First Data Science Project at Metis
This Monday, I started my first week of this intense yet exciting 12-week Data Science Bootcamp with Metis. Right away, we were divided into groups of 3 to start working on our first project which will be due in 4 days applying the knowledge/tools we just learned. The objective of the project was to make recommendation to a hypothetical client “Women Tech, Women Yes” on how they should allocate their volunteers for their upcoming fund raising event, the WTWY Gala, so that they could optimize collection of signatures and gala attendance.
Data Collection and Cleaning
Since the gala will be hold early summer next year, we retrieved published data from New York City Metro Transit Authority data in May 2017 to minimize any noise that could be introduced by seasonal disturbance. The raw data from MTA record the cumulative counts of entries/exits every 4 hours on a turnstile level. We first processed the data to show the number of entries/exits in every 4 hours time period. When we looked at the data, we noticed there are a lot of big outliers as shown in the graph below. I discovered that these were caused by regular device reset and unexpected malfunction. After setting up threshold and eliminating these outliers(less than 0.08% of the raw data points), our data look much more reasonable.
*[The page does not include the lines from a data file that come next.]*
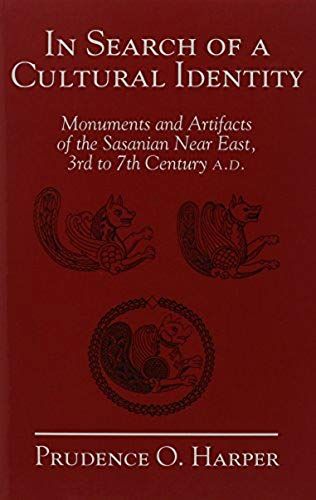 In Search Of A Cultural Identity: Monuments And Artifacts Of The Sasanian Near East, 3rd To 7th Century A.D. (Biennial Ehsan Yarshater Lecture Series)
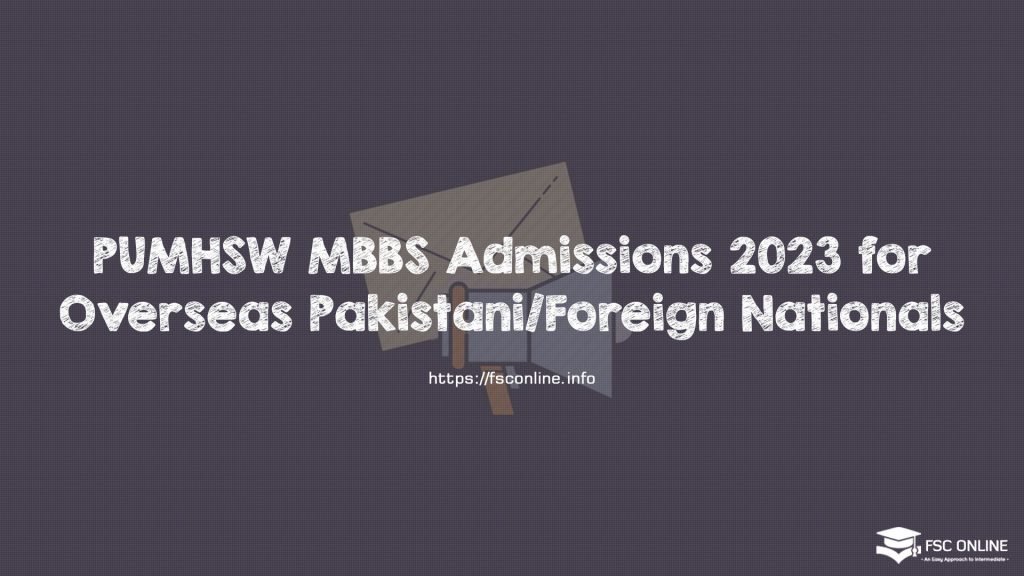 PUMHSW MBBS Admissions 2023 for Overseas Pakistani/Foreign Nationals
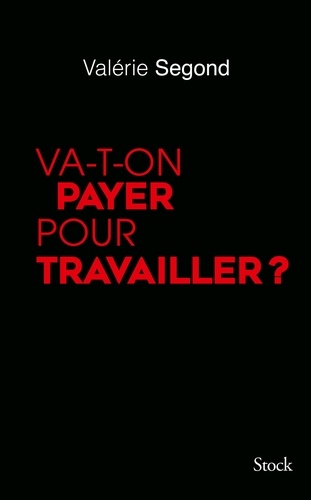 Va-t-on payer pour travailler ? - Occasion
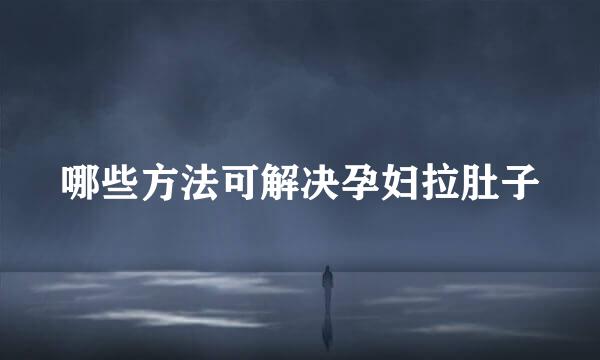 哪些方法可解决孕妇拉肚子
Where does the most traffic appear?
Next step, we group and sum the cleaned data by station for total entries during the 4 weeks time frame that we are investigating. We then rank the stations from the one with highest traffic to the one with lowest. Below I have plotted a bar chart showing the total traffic for station ranked from 1 to 376 along with a line chart shows the percentage that top N stations traffic make up of the total metro traffic in the city.
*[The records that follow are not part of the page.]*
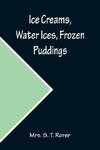 Ice Creams, Water Ices, Frozen Puddings; Together with Refreshments for all Social Affairs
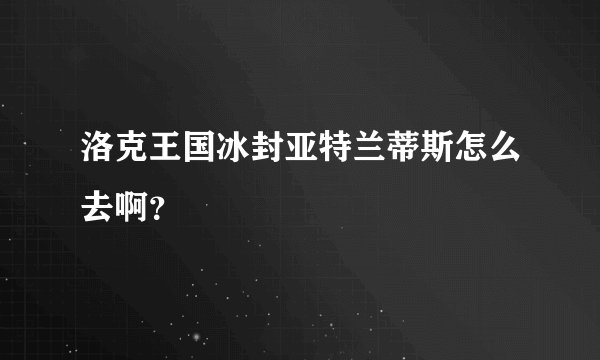 洛克王国冰封亚特兰蒂斯怎么去啊？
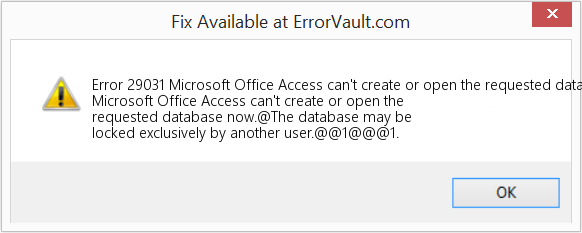 Microsoft Office Access에서 지금 요청한 데이터베이스를 만들거나 열 수 없습니다. 수정(오류 오류 29031)
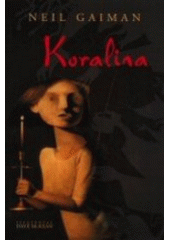 kniha Koralina, Polaris 2007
From the chart we could see that the top 55 stations take more than 50% of the total traffic. And the top 150 stations take more than 80%. So we know that the top stations are the ones we should focus on.
When does the most traffic appear?
Further looking into the data, we chose the top 5 stations and for each of the station, we ploted how the traffic volume change within one calendar week for all the 4 weeks that we are investigating. We found there’s consistant pattern between different weeks and across different stations. The traffic volume peak time always appear during 4~8 pm when people are out of work and heading back home. At peak, there are around 150 to 290 passengers pass by per minute.

Recommendation & Action Plan
Since the peak time appears at the evening and people may tend to have more time to stop and chat. We recommend to target the commuters and assign volunteers during weekday evening times. By using a rule of thumb of 1 volunteer to 50 passengers per minutes. We recommend to have 3 to 5 volunteers per team. We then chose the top 25 entrances with the highest traffic and put together an action plan shown in the table below. In the action plan, we recommend to recruit 5 teams of volunteers (25 people in total). Each team will go to a different station entrance on each workday. This way, we will cover the top 25 entrances within one week and at the same time utilize the volunteer team efficiently.

Additional Works
This project was a introductory exploratory data analysis on MTA data. With more time we would have taken more factors into consideration and refine the recommendation that we have. We would look into demographic information and business registration information to target tech business areas of NYC.